I recently tossed out the following topic to the Roundtable discussion group: The summer blockbuster movie season is upon us, and as usual various forms of genre film are dominating the screens. This year the offerings range from comic book movies (Thor), sequels to sequels (Pirates of the Carribean 4), kids films (Cars 2), and new outings from big-name directors (Super 8). Is it easy to sit back and enjoy the spectacle or do you find yourself trying to re-write the film as you go? How well do these movies represent the genre as it stands today?

I was afraid that this topic wasn’t going to get very far as the first few responses were from people who can’t stand today’s movies and stay as far away from them as possible (by way of excusing themselves from participation).

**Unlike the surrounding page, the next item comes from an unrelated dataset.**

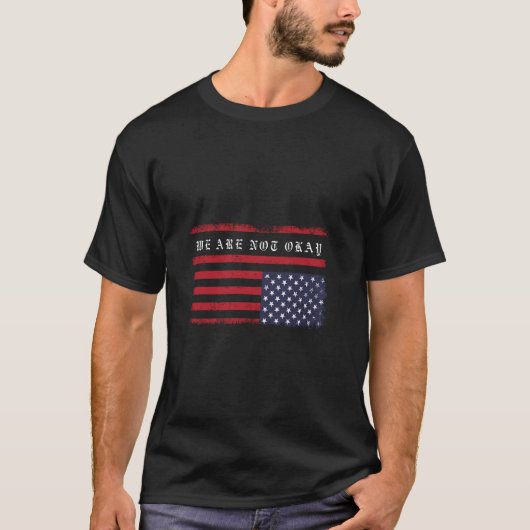 アメリカ国旗の逆さまな抗議は大丈夫じゃない Tシャツ (正面)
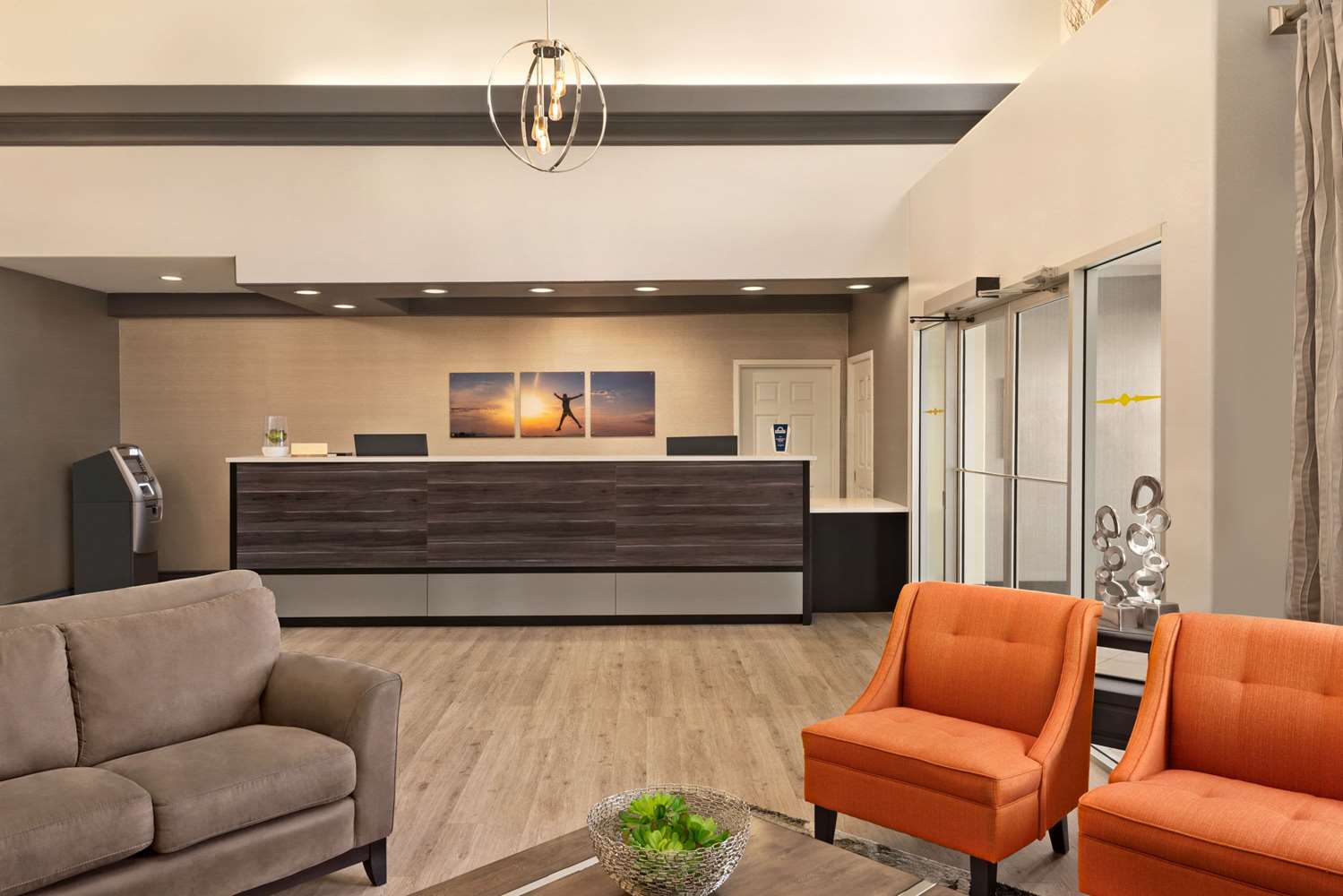 Days Inn by Wyndham Saskatoon 2/18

However, I soon heard more diverse opinions…

As always, this discussion is broken up into multiple pages for ease of reading. If you’d like to read it all on a single page, select ‘View All’ from the drop down menu above. If you don’t see the drop down menu, please click here.

Cat Rambo

I will unabashedly admit that I went to Thor in order to see the man-flesh. I’ve found I am usually disappointed by the structure of movies – for example, I thought Midnight in Paris was a rancid POS with a light glaze of Allenesque witticisms.  And I react with irritation when Hollywood movies try to manipulate my emotions because they’re so ham-handed about it.

But I do love spectacle in a movie, which Thor provided in spades with the rainbow bridge and Asgard in general. Green Lantern’s another recent example of something where I went to see the landscape, not the storyline. I’ve found the superhero movies tend to supply this, and it’s one reason why I’m pleased that special effects have gotten to the point where we can’t see the strings enabling the superhero to fly anymore.

Mark Kelly

Short answer: contemporary skiffy films have no relationship to the literary genre, and never did. I’m a film fan, read reviews and seek out offbeat and/or ambitious films when I hear about them and have time to see them (albeit less and less often in recent years). Very few of them are sf/f. As has always been the case, most skiffy films play off tropes from literary sf from 30 or 50 years before, when it was not even literary sf, more accurately pulp sf – and I’m not sure cinematic skiffy has caught up much since the ‘70s, in this way – and lately, if I believe Gary Westfahl’s Locus Online review of Super 8, they are playing off tropes from earlier skiffy films of three or four decades before, not even based on literary works (or by ideas advanced therein, or by advances in speculative science) at all.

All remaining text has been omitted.